- Born: January 16, 1882 Fort Dodge, Iowa
- Died: March 21, 1954 (aged 72) Boston
- Occupation: Newspaper editor
- Spouse(s): Elizabeth Board, 1900–1935 (her death) Gloria Ritz, 1936–1954 (her death)
- Children: William Randolph Howey
- Relatives: Colleen Moore (niece)

= Walter Howey =

American journalist and editor

Walter Crawford Howey (January 16, 1882 in Fort Dodge, Iowa - March 21, 1954 in Boston) was a Hearst newspaper editor and the model for Walter Burns, the scheming, ruthless managing editor in Ben Hecht and Charles MacArthur's play The Front Page.

==Early years==
Walter Howey was the son of Frank Harris Howey and Rosa Crawford Howey. Frank Howey ran a series of small businesses. Walter was educated in Fort Dodge public schools and the Art Institute of Chicago, 1899-1900.

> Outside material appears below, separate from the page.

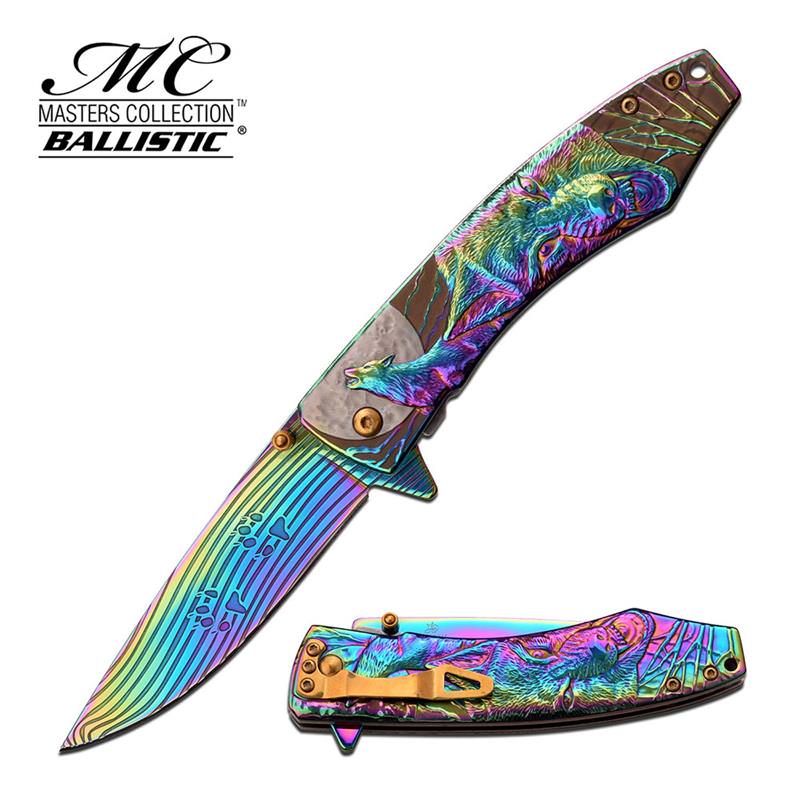 Assisted Opening Rainbow Ti-Coated Wolf Handle Gift Collectible Pocket Knife - Tophatter's Guns'N'Weapons Store Collectible Weapons - Tophatter Daily Deals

==Iowa and Chicago journalism==
Howey became a reporter for the Fort Dodge Messenger in 1902 and then worked for the Des Moines Daily Capital before joining Hearst's Chicago American. Walking in Chicago, Howey was startled to see a knight and three elves climb out of a manhole. He had stumbled upon four actors fleeing a devastating blaze that killed 600 people, the Iroquois Theatre fire. As more people escaped via the theater cellar through the sewers, Howey reported his scoop, and the story, one of the biggest in Chicago's history, established his reputation for speed, resourcefulness, and skillful writing. Howey became city editor of the Chicago Inter Ocean in 1906 and moved to the Chicago Tribune in 1907. Lured away by Hearst, he became managing editor of the Chicago American in 1917.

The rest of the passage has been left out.